===== DATA PROVIDED =====
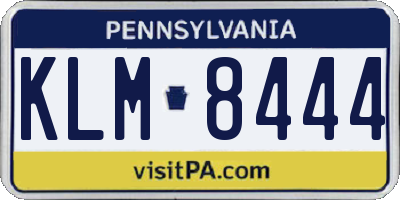 PA license plate KLM8444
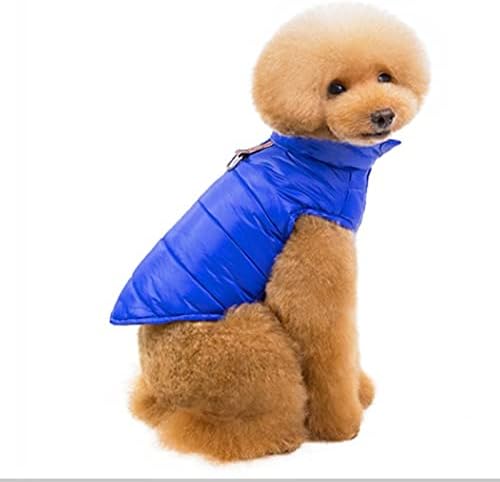 Lepsjgc миленичиња кучиња надолу палто цврста боја зимска топла облека за мали средни кучиња облека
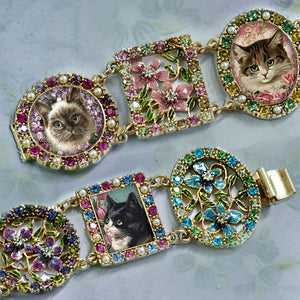 Vintage Cats Bracelet BR536-C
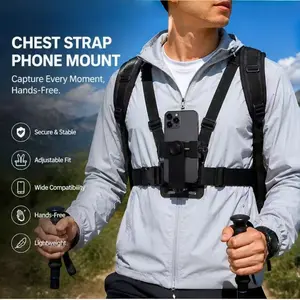 Phone Chest Strap Mount for Vlog/pov, Compatible with iPhone 13 12 11 Pro Max Plus, Samsung, Gopro Hero 9 8 7 6 5, Osmo Action, Akaso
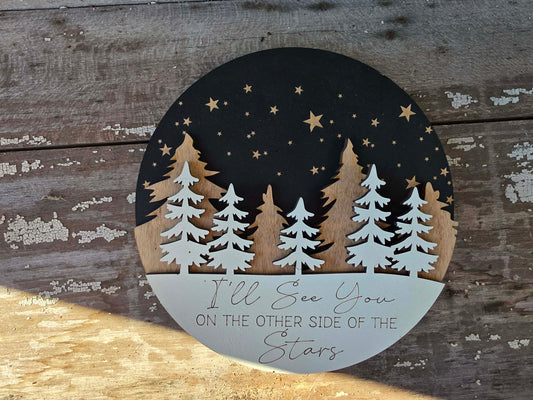 other side of the stars, 6 inch round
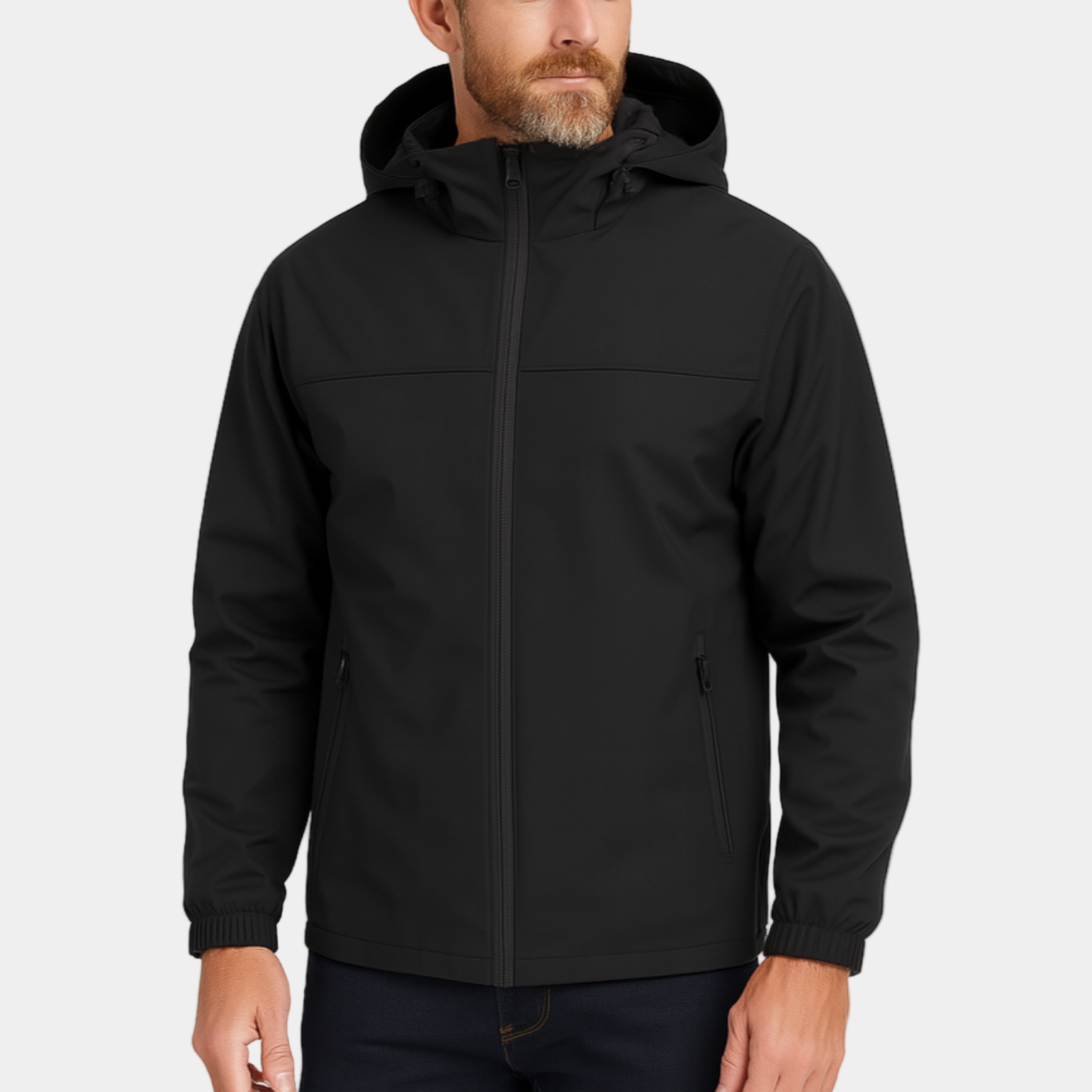Men’s Softshell Hooded Jacket – Water-Resistant, Windproof & Everyday Performance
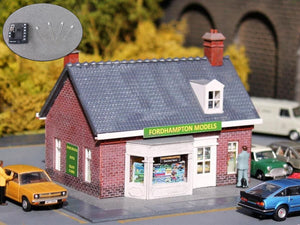 *Fordhampton Model Shop with LED Lighting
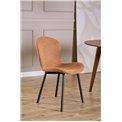 Dining chair Asra, set of 2 pcs, light brown, H86x50x58cm, seat height 47cm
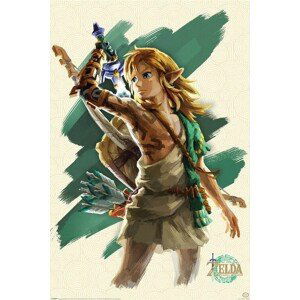 Plakát, Obraz - The Legend Of Zelda: Tears Of The Kingdom - Link Unleashed, (61 x 91.5 cm)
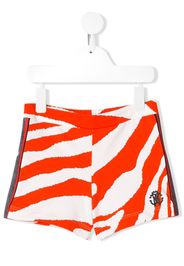 Roberto Cavalli Junior Shorts con stampa Zebra - Rosso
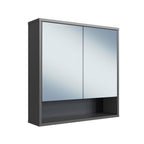 Conjunto para Banheiro Modulado 120cm 3 Peças Gabinete Suspenso com Cuba Bahamas Art in Móveis Grafite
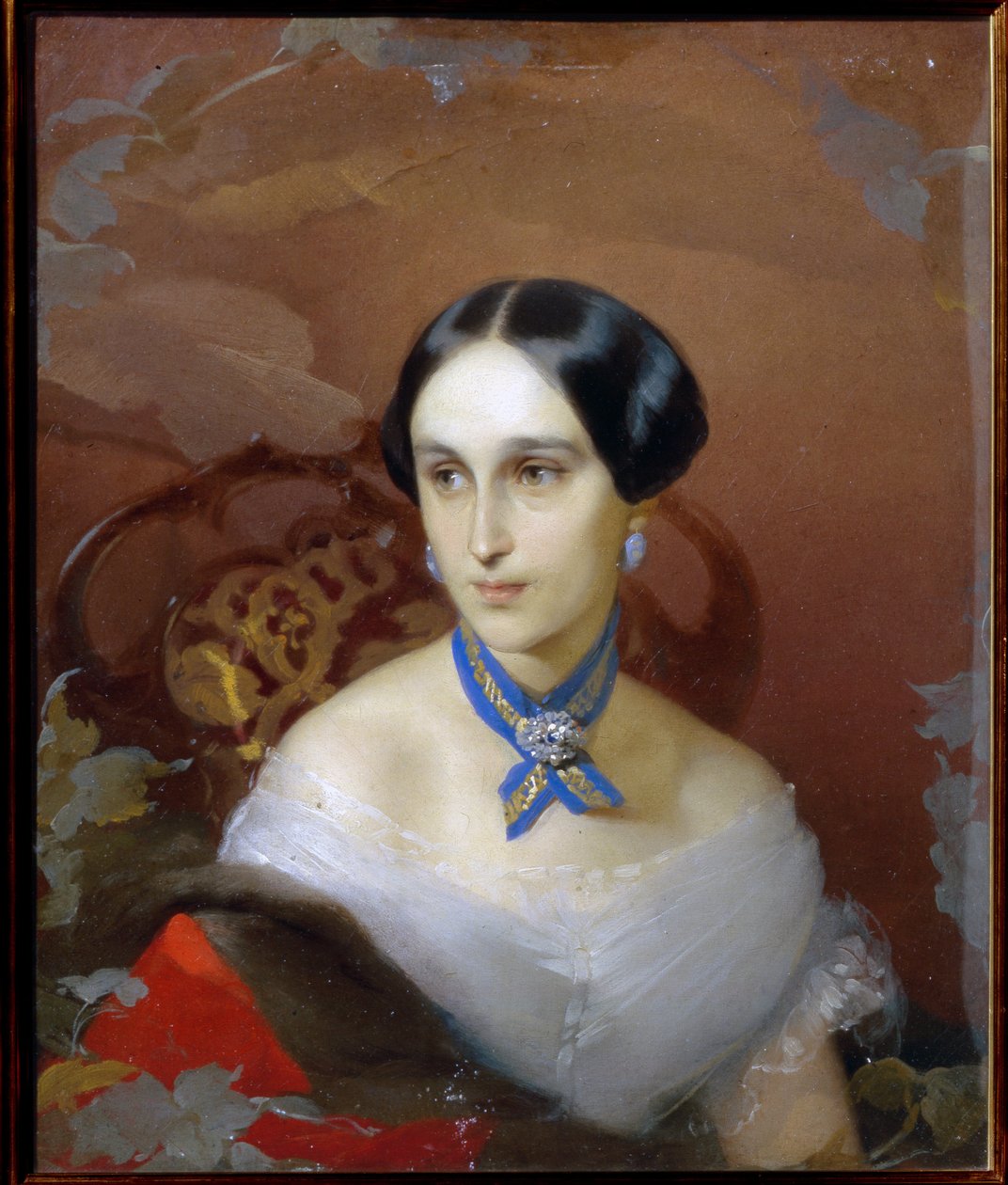 Natalia Pushkina Lanskaya portréja (Natalia Nikolayevna Gontcharova alkotó: Timofei Andreyevich Neff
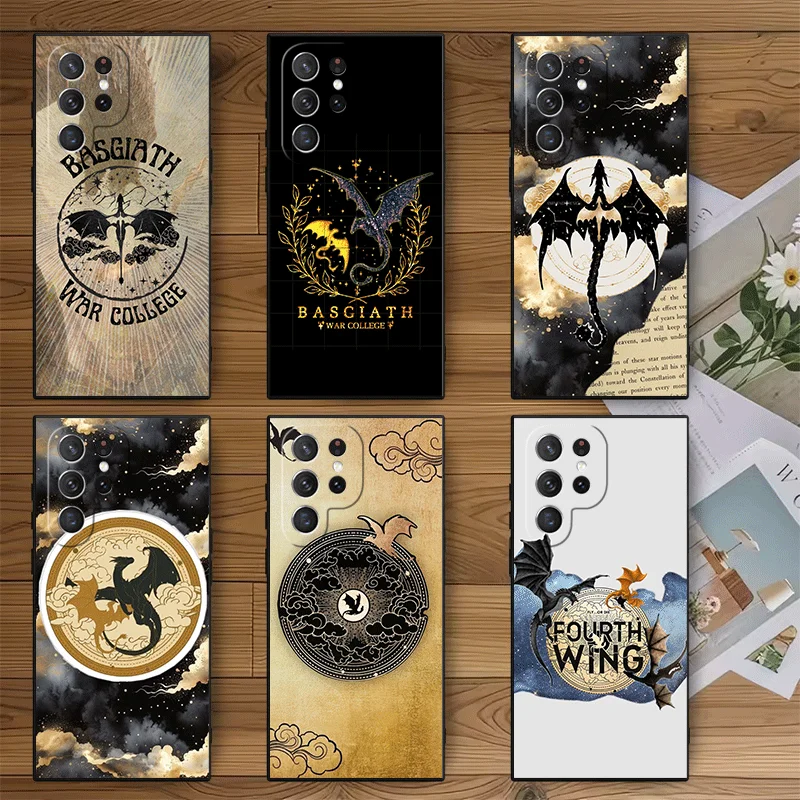 Elegant Dragon Design Soft Phone Case - Black Protective Back Shell
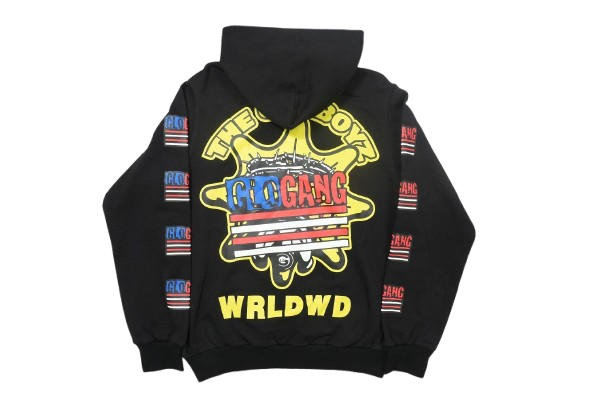 Glo Gang zip up hoodie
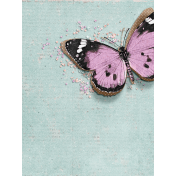 Cherish Butterfly Journal Card 3"x 4" 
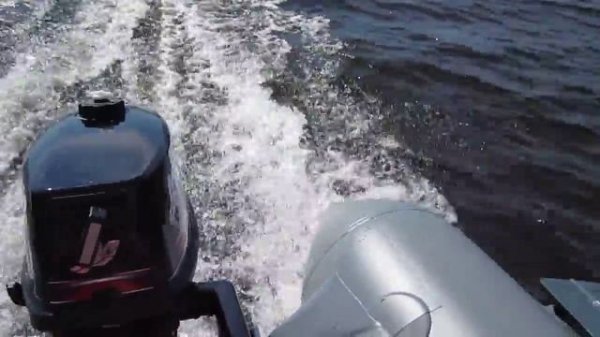КЛИП-ТЕСТ ЛОДКА КАЙМАН 330 ПОД МОТОРОМ МЕРКУРИ 5 Л.С..MOV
=====
■ PROBLEM STATEMENT:
Using the data above, give again exactly the lines starting at the one holding "Phone Chest Strap" and ending at the one holding "Men’s Softshell Hooded", inclusive, and nothing more. Omit the pictures.

■ RESPONSE BOX:
 Phone Chest Strap Mount for Vlog/pov, Compatible with iPhone 13 12 11 Pro Max Plus, Samsung, Gopro Hero 9 8 7 6 5, Osmo Action, Akaso
 other side of the stars, 6 inch round
Men’s Softshell Hooded Jacket – Water-Resistant, Windproof & Everyday Performance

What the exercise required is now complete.